Many migraineurs swear by various nonpharmacological methods of keeping their
headaches at bay, such as yoga, meditation and biofeedback. These techniques probably
work best for patients whose headaches are triggered by stress or tense facial muscles.
One of the surprises of the past couple of years is the effectiveness of botox, which is now
being injected into facial muscles to temporarily erase wrinkles. Migraineurs have
reported that botox seems to banish their headaches as well. Studies are under way to see
if those observations hold up.
Lifestyle changes, however, are sometimes not enough to prevent migraines. In such cases,
doctors may turn to beta-blockers, drugs that were designed to treat high blood pressure.
Although these medications open up the blood vessels, which would seem
counterproductive if you' re trying to prevent a migraine, they also turn out to have a
soothing effect on nerve cells. Similarly, antidepressants have been used to help prevent
migraines. "Used in low doses, antidepressive drugs can be very effective in migraine,"
says MacGregor. "We use them to try to break the cycle of the problem, while we try to
uncover whatever else may be going on." But drugs should be used sparingly. "If you
prescribe a whole lot of medication to someone who is not into taking prescribed drugs,
you are not helping," she says. "Managing migraine is a case of tailoring the management
to the needs of the individual."
As helpful as beta-blockers, antidepressants and even antiepilepsy drugs may be in
preventing some migraines, they don't cure the condition. Eventually scientists hope to
discover therapies that address the brain's overly sensitive circuits more directly. For
what it's worth, getting older seems to soften the blow. Studies show that migraine attacks
peak between the age of 35 and 45 and decline after that.

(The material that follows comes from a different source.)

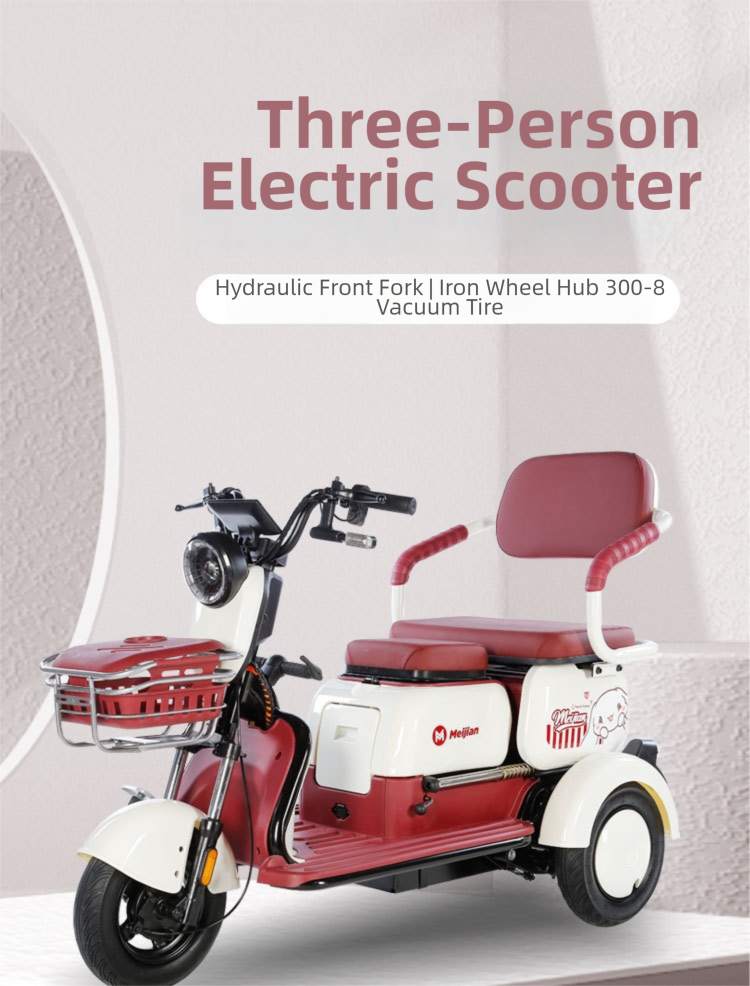Electric Tricycle NEW X3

Meanwhile, it may be a process of trial and error for most migraineurs- -and their
physicians. Chances are, however, that more and more of them will eventually hit on the
combination of medications and lifestyle changes that works for them. For Walseth the
triptan Relpax has brought some relief. "I used to have between 15 and 18 days a month
with migraine, " she says. "Now I have a maximum of 10 days." It's far from a cure, but
at least it makes daily life more bearable.